▶ _WORK INSTRUCTION_: Below are entries to reproduce exactly, apart from their pictures.

▶ _RECORDED DATA_:
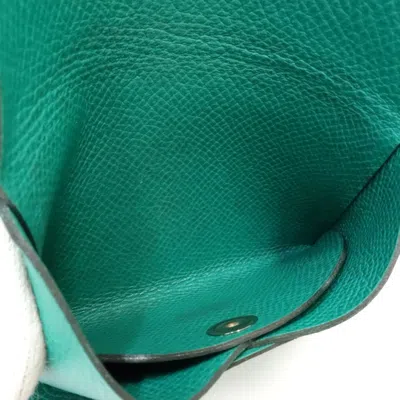 Pre-owned Hermes Vert Epsom Leather Coin Purse/coin Case () In Green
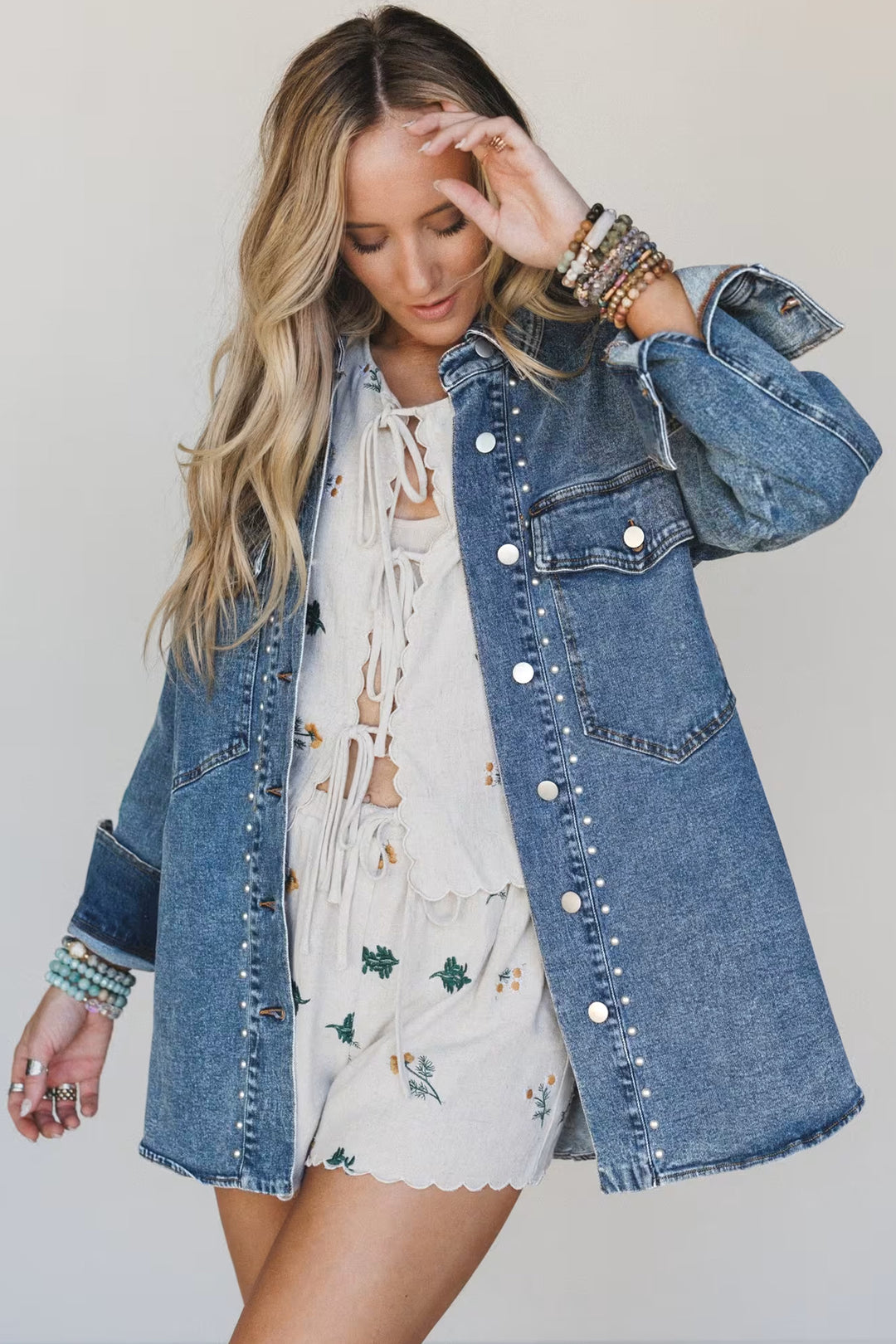 Sail Blue Rivet Embellished Western Style Regular Fit Denim Jacket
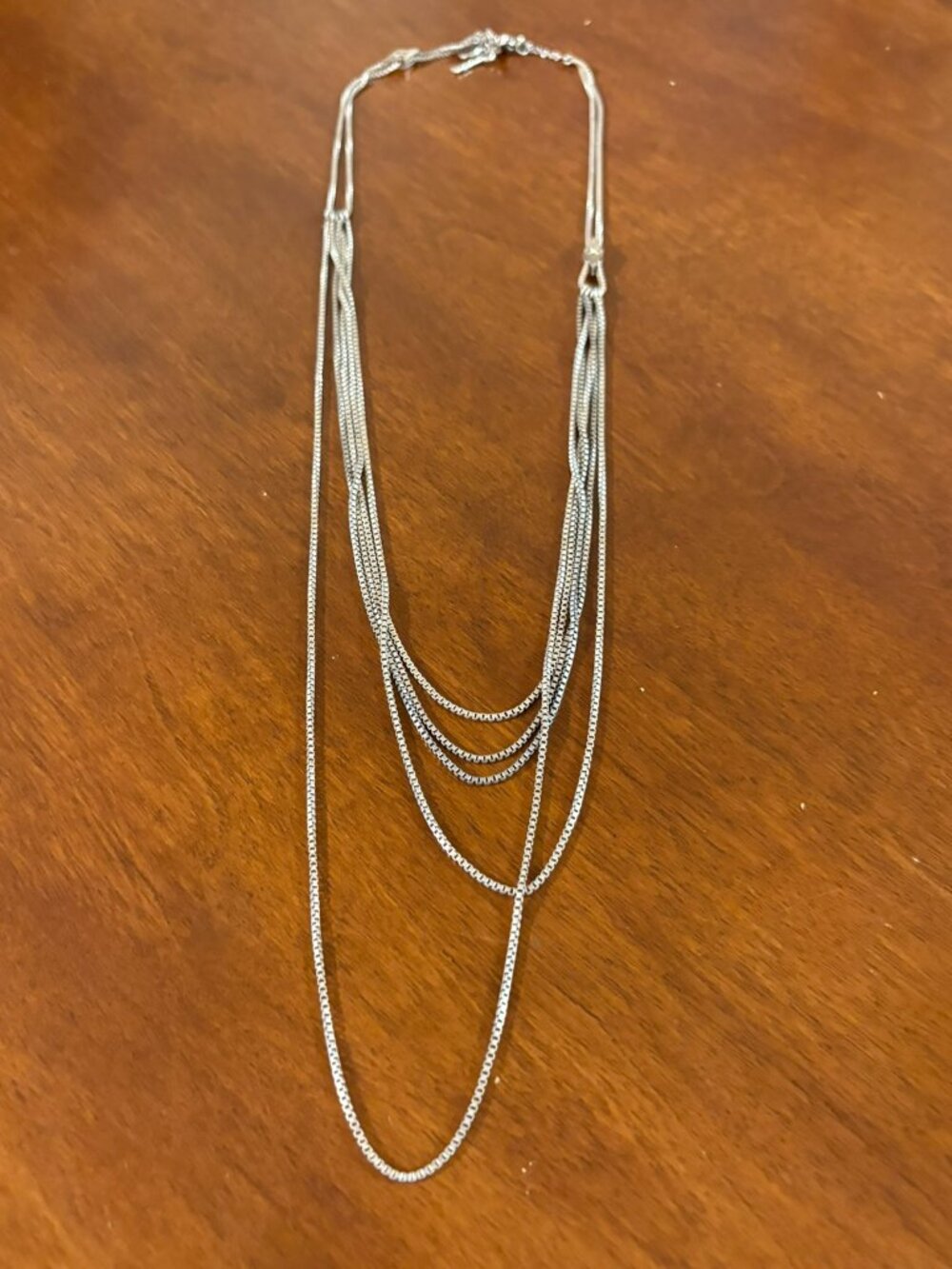 Fossil Multi Stand Chain Necklace Silver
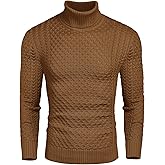 COOFANDY Men's Slim Fit Turtleneck Sweater Casual Knitted Twisted Pullover Solid Sweaters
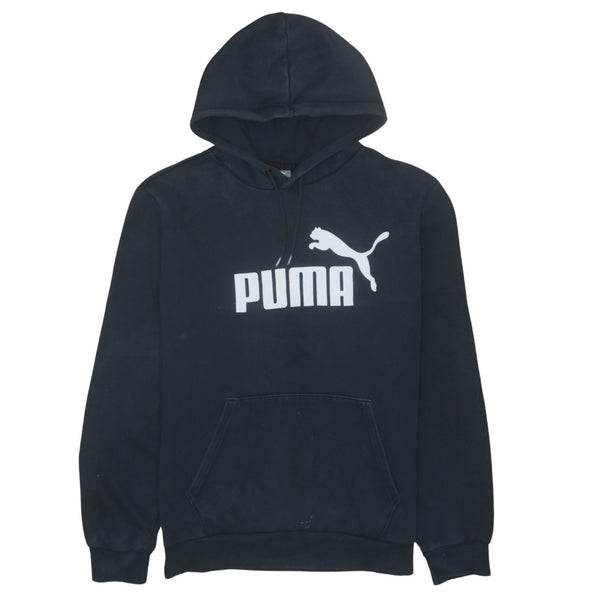 Vintage 90's Puma Black Spellout Pullover Hoodie Medium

▶ _WRITTEN SOLUTION_:
 Pre-owned Hermes Vert Epsom Leather Coin Purse/coin Case () In Green
 Sail Blue Rivet Embellished Western Style Regular Fit Denim Jacket
 Fossil Multi Stand Chain Necklace Silver
 COOFANDY Men's Slim Fit Turtleneck Sweater Casual Knitted Twisted Pullover Solid Sweaters
 Vintage 90's Puma Black Spellout Pullover Hoodie Medium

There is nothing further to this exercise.